森田季節:不動カリンは一切動ぜず

不動カリンは一切動ぜず (ハヤカワ文庫JA)

不動カリンは一切動ぜず (ハヤカワ文庫JA)

性行為が死をもたらす病が流行し生殖が人工授精で行われるようになった未来、内気な少女不動火輪は同級生の兎譚とともに、学校の課題で未解決事件を調べるというレポートに着手する。その直後から、火輪と兎譚の周囲には不穏な事件が相次ぎ、無欲会という謎の宗教団体や「強制善人」を自称する謎めいたジャーナリストなども出現、なんだかとんでもない事態に発展するおはなし。
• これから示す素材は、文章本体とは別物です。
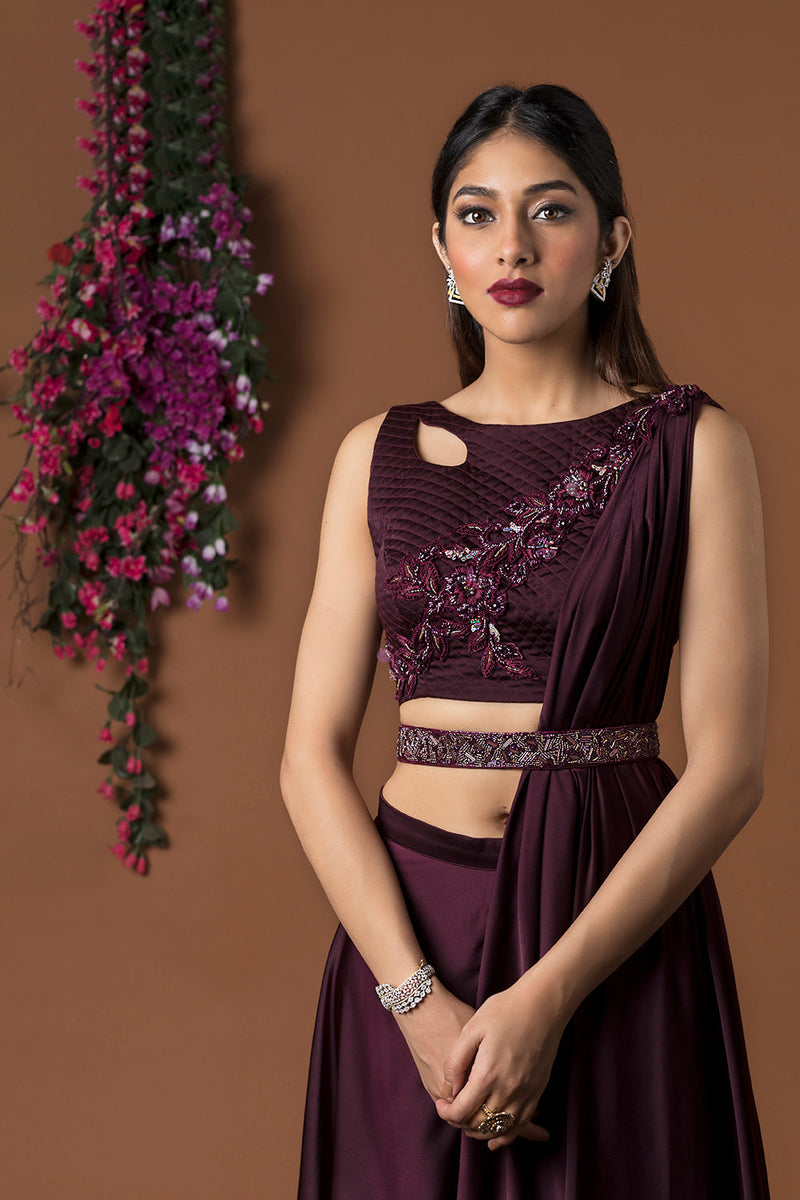 Wine Crop Top With Drape And Pants Set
本書は昨年読んだ小説の中でもベストに入る一冊でした。


とにかく設定がはちゃめちゃです。性交渉を行うと致死的な症状をきたす病が蔓延したため、異性間での性交渉はタブーとなり、その代わり人工授精による試験管ベイビーでの子作りが定着、それによって夫婦・親子関係が劇的に変化した時代が舞台であったり、「思念」と呼ばれる情報の固まりを「媒介点」と呼ばれる無数の人工衛星のようなものを介してやりとりすることが普通であったりと、舞台のしつらえは極めてSF的なのですが、それだけではない、というかむしろそれ以外の世界の作り込みが異様で面白いのです。
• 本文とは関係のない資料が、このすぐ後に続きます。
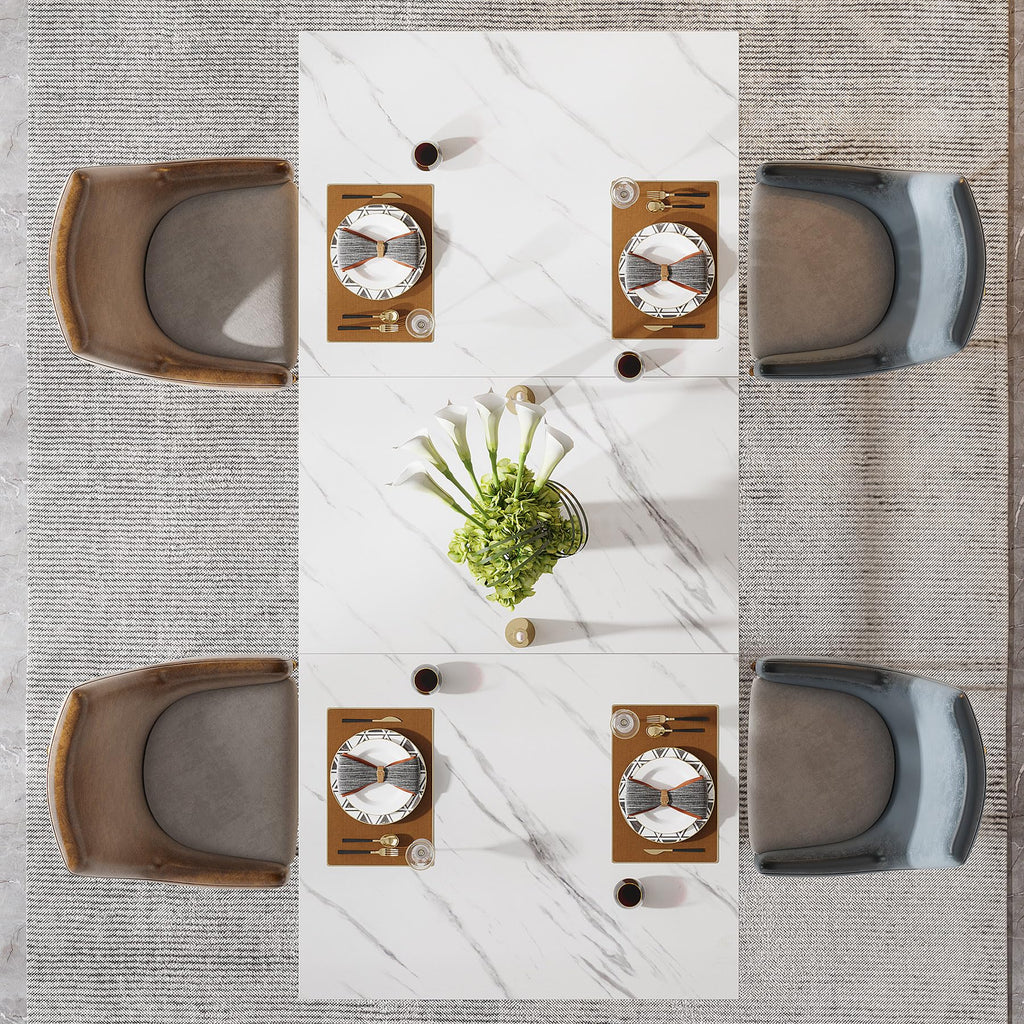 63-Inch Rectangular Dining Table for 4 to 6, Modern Kitchen Tables with Stylish Metal Trestle Legs, Large Dinner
例えば、主人公である火綸は不動院というお寺(みたいなもの?)に暮らす一家で、その構成は母が二人に父が一人であったり、そのためなにかあると火綸は不動明王に一心に祈りを捧げたり、さまざまな宗教団体の思惑が入り乱れたり、そのなかで火綸や兎譚たちは神戸市垂水区を一生懸命駆け回ります。しかも、起こる出来事は嵐山での不審な交通事故であったり、その調査途中での不審な殺人事件であったりと、ある種ミステリ的な展開を物語は遂げてゆく。


ところが、本書の主題とするところは、おそらく「愛とはなにか」ということにあります。それも、火綸と兎譚という二人の中での愛なのです。これがなかなか深みを見せるのは、「愛」の本質から性愛が取り除かれた時に残るものはなにかという、ある意味ありえないのだけれども「宗教的」な考察をせざるを得ないところで、ここにおいて著者後書きに曰く「神様を使った小説を書いてみた」とのことばが理解できたように思えました。


といいつつも、著者の言う「神様」とは、火綸が信仰する不動明王であったり、本書のいたるところにちりばめられた信仰スポットであったり、よくわからない方法で人々を導く「国家」であったりするのかとも思います。しかし、これはやっぱり「愛」にまつわる物語なのではないかなあ。思うに、著者はこの物語を細部まで構築した上で書き始めたのでは無いように思えます。それはある種のプロットはあったのでしょうが、書き進める中で物語や登場人物が勢いよく走り出し、どんどんと世界が広がっていったのではないか、そんな気にさせる勢いの良さが、本書にはあふれています。


また著者の語り口も素敵で、全体的に諧謔を感じさせるノリの良い文章なのですが、突然差し挟まれる「悟り」を開いた人間のエピソードはまるで怪しい健康器具の体験談調であったり、さりげなく、なおかつ執拗に「ハルキ教」なる宗教が言及されたりと、とにかく楽しくてたまらない。作者後書きに「若干カバーイラストと内容が異なる気がする」とまでかかれた挿画も、勢いよく裏表紙にまではみだしていたり、とにかく素敵としか言いようのない一冊でした。